++++ Recorded data
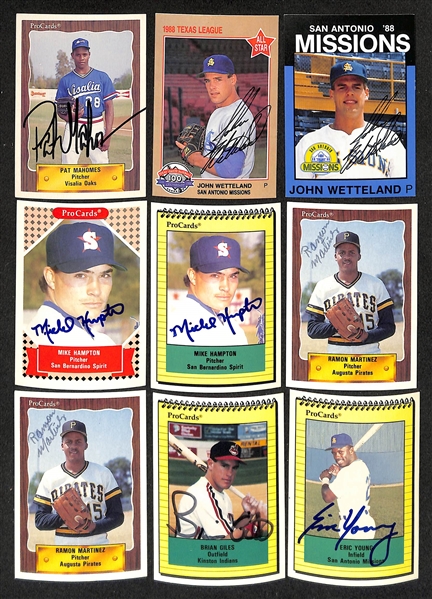 400+ Signed Minor League Baseball Cards Inc. Jeff Bagwell, Derek Lee, (3) Carlos Delgado, Kevin Brown, (2) Billy Bean, Chuck Knoblauch, Pat Mahomes, (2) John Wetteland, + (JSA Auction Letter)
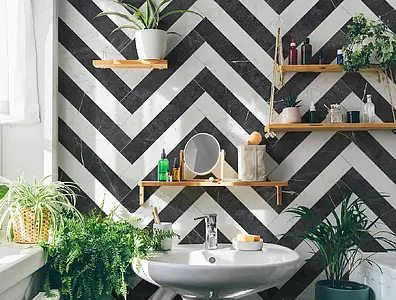 Background tile, Effect other marbles, Color black, Unglazed porcelain stoneware, 10x60 cm, Finish matte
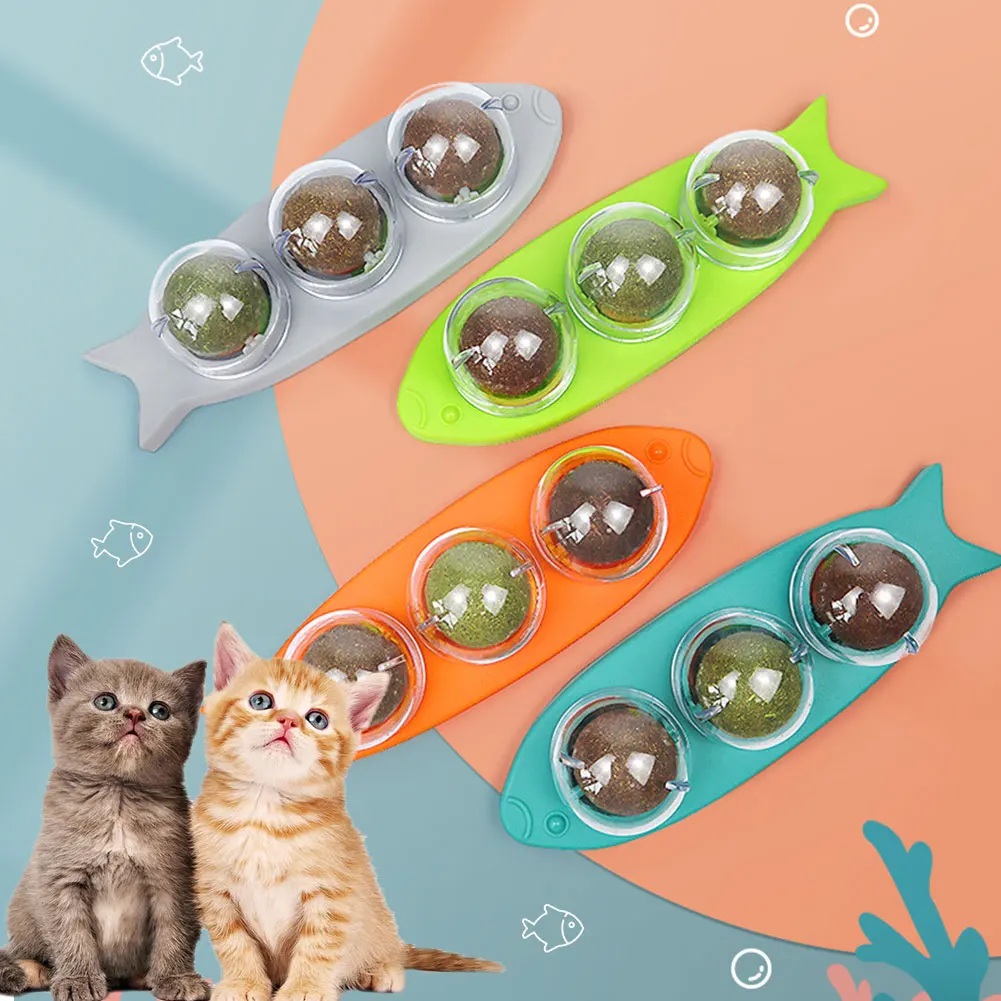 

Catnip Ball Wall Sticker Ball Cat Treats Rotating Mint Ball Cat Toys Teeth Cleaning Pet Toys Improve Appetite Rotating Toy Balls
++++++++
Task requirements.
When you reach a picture, pass over it; write out all other material exactly.

Exercise output.
 400+ Signed Minor League Baseball Cards Inc. Jeff Bagwell, Derek Lee, (3) Carlos Delgado, Kevin Brown, (2) Billy Bean, Chuck Knoblauch, Pat Mahomes, (2) John Wetteland, + (JSA Auction Letter)
 Background tile, Effect other marbles, Color black, Unglazed porcelain stoneware, 10x60 cm, Finish matte

Catnip Ball Wall Sticker Ball Cat Treats Rotating Mint Ball Cat Toys Teeth Cleaning Pet Toys Improve Appetite Rotating Toy Balls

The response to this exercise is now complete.